Primo, il passaggio dai mercati pubblici verso quelli privati continuerà. Le pressioni normative per spingere le banche a incrementare il loro capitale azionario continueranno a limitare i prestiti. Anche la natura degli investimenti sta cambiando. I progressi tecnologici stanno sconvolgendo l’economia, i mercati e l’occupazione. Gli investimenti in beni immateriali ora superano quelli in beni materiali negli Stati Uniti e nel Regno Unito. Questi investimenti implicano un maggior grado di incertezza relativamente al rendimento previsto e possono essere finanziati più facilmente attraverso i fondi private equity rispetto ai mercati pubblici.
In secondo luogo, l’analisi ESG diventa parte integrante dell’intera attività di investimento. La comprensione dei rischi e delle opportunità collegate ai fattori ESG è fondamentale per gli investimenti, insieme all’analisi tradizionale.

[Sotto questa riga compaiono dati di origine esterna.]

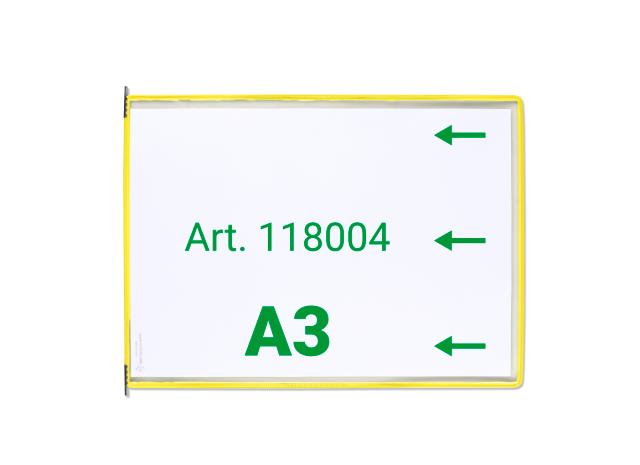 Tarifold Drehzapfensichttafel, DIN A3, quer, Öffnung rechts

Terzo, coi rapidi progressi economici nei Paesi in via di sviluppo negli ultimi 30 anni, non tutti possono essere definiti ancora come “mercati emergenti”. Gli investitori dovranno adottare una prospettiva più eterogenea. Le economie emergenti rappresentano il 60% dell’attività economica mondiale, eppure le loro attività finanziarie rappresentano solamente il 10% del sistema finanziario globaleiii . Man mano che questi mercati si aprono progressivamente agli investitori esteri, sarà necessario che gli investitori accedano a tutte le opportunità disponibili per ottenere un’effettiva diversificazione.
Quarto, i progressi informatici consentiranno un’analisi più granulare della diversificazione. Tuttavia, i modelli del rischio quantitativi continueranno a presentare dei limiti. Una valutazione qualitativa dei fondamenti teorici del rischio e del rendimento sarà ancora cruciale per ottenere una diversificazione efficace.

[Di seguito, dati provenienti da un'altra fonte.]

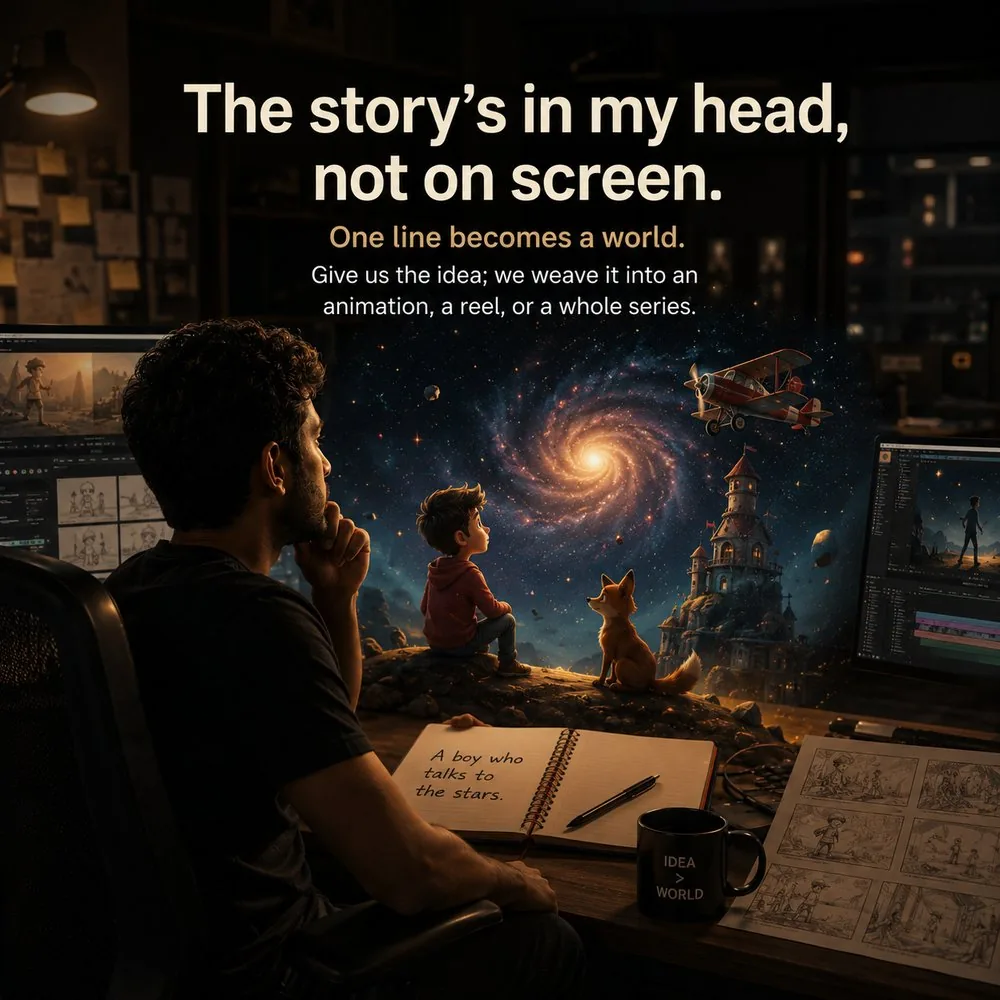 The story's in my head, not on screen — Spilanth weaves one line into an animation or series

Quinto, la modernizzazione dei regimi normativi sta evidenziando gli squilibri tra attività e passività delle compagnie di assicurazione e dei fondi pensione in molte giurisdizioni. Questo sta costringendo gli investitori ad adottare un approccio più sofisticato alla gestione del rischio. Come si reagirà sul fronte normativo quando si manifesterà la prossima crisi? La storia ci insegna che le regole possono cambiare quando gli istituti finanziari di importanza sistemica sono in grave difficoltà.
Sesto, i singoli cittadini dovranno assumersi sempre maggiori responsabilità in merito al loro futuro finanziario. Né lo stato né i datori di lavoro potranno garantire pensioni generose. Il settore del risparmio gestito potrà contribuire fornendo i giusti strumenti, soluzioni e consulenza. Tali soluzioni dovranno anche rendere accessibili a tutti questa gamma di investimenti più vasta.
i William Goetzmann (2016). Denaro. Come la finanza ha reso possibile la civiltà.
ii Craig Turnbull (2018). 200 anni di asset allocation: le lezioni dei pionieri degli investimenti.
iii Mark Carney, Governatore della Bank of England (2018). True Finance: dieci anni dopo la crisi finanziaria.